10.15.18 – SSI
AI is a massive buzzword in security, but how exactly does it work? Here’s an overview of learning techniques such as deep learning and reinforcement training to help you better understand.
Much is made of artificial intelligence (AI) these days. Surveys conducted by consultants consistently suggest that a majority of executives believe that AI has a role in improving their business. From a day-to-day perspective, we see the progress, too.
AI applications are everywhere: software is embedded in physical security cameras, drones, autonomous cars, as well as machine assisted medical diagnosis.
If you look under the hood of these AI applications, many are developed using a single technique referred to as deep learning and, while there has been significant progress with this technique, it begs the questions: how advanced is this technique and are we “putting all our eggs in one basket,” thereby slowing progress in this very important scientific field?
How Deep Learning Works
To better understand the root of the concern, we need to delve a little bit into deep learning. Deep learning is a technique that mimics the neurons and synapses in the human brain. It differs from nature in that it is a highly supervised form of learning.
To understand this better, here is a look at the steps facilitating a deep learning application that processes images.
- First, obtain a set of image files to train the model. This dataset will consist of images files tagged to a label of the image (e.g. cat, dog, etc.).
- Then, create a neural network model which very crudely mimics the functionality of the human eye by using different layers of neurons to perform convolutions, feature extraction from the image, subsampling and finally classification of the image.
- The model is trained by running it through the selected training dataset. The training is done through multiple passes and a technique called “back-propagation” tunes the neural network to improve the accuracy of the image classification.
- Given a satisfactory accuracy score, the trained model is then used in the real world to detect images it has been trained to “see.”
While the above technique works well for images for which the model has been trained, it does not work as well for others that were not in the original training dataset.

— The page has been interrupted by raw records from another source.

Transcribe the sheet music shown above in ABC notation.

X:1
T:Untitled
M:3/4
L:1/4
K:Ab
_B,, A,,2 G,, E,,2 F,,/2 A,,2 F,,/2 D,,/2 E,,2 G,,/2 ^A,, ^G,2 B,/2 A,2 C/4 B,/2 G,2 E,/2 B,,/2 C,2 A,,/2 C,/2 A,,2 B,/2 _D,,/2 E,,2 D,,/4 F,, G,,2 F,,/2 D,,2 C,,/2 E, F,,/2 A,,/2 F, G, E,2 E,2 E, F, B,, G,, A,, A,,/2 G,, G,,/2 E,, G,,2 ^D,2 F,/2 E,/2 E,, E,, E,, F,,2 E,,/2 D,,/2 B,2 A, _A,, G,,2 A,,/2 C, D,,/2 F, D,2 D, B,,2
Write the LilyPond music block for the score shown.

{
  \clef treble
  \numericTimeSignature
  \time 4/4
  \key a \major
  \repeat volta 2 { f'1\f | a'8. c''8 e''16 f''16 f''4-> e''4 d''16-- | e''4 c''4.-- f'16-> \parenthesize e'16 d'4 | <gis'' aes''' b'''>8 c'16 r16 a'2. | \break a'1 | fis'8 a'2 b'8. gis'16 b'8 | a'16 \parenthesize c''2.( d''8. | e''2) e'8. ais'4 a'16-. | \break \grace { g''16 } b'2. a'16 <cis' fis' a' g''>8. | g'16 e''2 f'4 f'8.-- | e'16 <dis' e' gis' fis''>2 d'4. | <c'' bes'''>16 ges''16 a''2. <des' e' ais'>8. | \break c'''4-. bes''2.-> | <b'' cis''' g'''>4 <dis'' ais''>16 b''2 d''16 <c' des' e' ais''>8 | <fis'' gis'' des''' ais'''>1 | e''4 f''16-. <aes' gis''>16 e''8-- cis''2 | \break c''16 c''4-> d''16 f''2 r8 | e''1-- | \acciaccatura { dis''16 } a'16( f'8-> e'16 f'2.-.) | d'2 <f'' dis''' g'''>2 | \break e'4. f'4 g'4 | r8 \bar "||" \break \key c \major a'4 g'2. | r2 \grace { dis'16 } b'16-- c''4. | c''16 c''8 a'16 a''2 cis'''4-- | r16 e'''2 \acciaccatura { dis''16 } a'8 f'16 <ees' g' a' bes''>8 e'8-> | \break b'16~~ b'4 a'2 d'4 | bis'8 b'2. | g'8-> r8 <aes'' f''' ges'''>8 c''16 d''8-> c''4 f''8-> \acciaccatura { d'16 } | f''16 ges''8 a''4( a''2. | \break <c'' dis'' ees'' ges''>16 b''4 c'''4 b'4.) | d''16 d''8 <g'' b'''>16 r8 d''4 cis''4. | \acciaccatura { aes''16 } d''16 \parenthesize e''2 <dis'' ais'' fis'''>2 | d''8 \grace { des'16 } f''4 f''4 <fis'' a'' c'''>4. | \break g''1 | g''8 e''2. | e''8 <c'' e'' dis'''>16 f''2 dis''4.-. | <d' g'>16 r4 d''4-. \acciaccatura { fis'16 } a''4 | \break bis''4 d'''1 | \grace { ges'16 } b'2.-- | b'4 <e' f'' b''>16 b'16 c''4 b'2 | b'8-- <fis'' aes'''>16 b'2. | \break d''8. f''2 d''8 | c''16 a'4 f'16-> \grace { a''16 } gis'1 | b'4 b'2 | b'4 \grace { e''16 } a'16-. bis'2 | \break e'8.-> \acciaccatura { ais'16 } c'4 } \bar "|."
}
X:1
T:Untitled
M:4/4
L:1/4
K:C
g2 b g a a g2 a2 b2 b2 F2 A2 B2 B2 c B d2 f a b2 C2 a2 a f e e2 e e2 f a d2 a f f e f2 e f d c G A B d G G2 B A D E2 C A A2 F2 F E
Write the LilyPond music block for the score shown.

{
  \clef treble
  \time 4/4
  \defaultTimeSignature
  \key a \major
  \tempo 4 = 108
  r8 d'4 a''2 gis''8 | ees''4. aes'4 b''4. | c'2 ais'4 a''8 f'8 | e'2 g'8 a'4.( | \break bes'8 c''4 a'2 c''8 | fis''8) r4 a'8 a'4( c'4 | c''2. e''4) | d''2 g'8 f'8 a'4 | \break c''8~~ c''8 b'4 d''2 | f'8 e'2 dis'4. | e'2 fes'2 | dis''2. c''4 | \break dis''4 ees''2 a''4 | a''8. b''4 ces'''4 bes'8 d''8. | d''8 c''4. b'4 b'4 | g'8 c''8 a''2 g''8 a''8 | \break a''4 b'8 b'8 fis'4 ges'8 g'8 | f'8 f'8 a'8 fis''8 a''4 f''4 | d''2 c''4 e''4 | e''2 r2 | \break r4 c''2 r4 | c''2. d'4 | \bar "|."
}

For example, if the model has been trained to detect puppies, it is unlikely to detect fully grown dogs.
If the model has been trained to detect dogs, it is unlikely to be able to classify a cat as an animal, despite the categorical similarities — namely four legs and a tail.
While this may be acceptable for specialized image processing applications, it significantly lacks the intuition and experiential learning capability of a 2-year-old.
Moreover, the volume of training required to create a more generic image processing application can be quite daunting. Clearly, humans have an edge when it comes to the learning process and overcoming inherent constraints of deep learning.
Alternative Methods Focus on Experience
AI researchers are experimenting with other methods to develop a more experiential approach to learning similar to the way a young human being might learn.
One such method is reinforcement learning. The key components of this form of learning are an agent, a set of actions the agent can take, a simulated environment reflective of the real world and a reward system for tasks accomplished.
An agent learns, through repeated trial and error and by compiling a history of attempted actions and associated rewards. The agent’s objective is to maximize the reward.
This technique is often used in gaming and was used by Google’s AlphaGo Zero, an AI program that plays the complex game of Go, developing strategies to defeat the world’s best player. In learning to play, AlphaGo Zero started from scratch, used random moves and played against itself.
To Err Is Human … and Foundational?
At times, we often invoke the old saying, “To err is human,” to compensate for our failings, but AI researchers are starting to discover that this all-too-human trait and the process of trial and error may be the very foundation of learning.
It is too early to tell if reinforcement learning will find practical real-world application, but the prognosis is positive. As for deep learning, the technique is the workhorse of AI applications nowadays and it is likely to have its niche now and in the near future.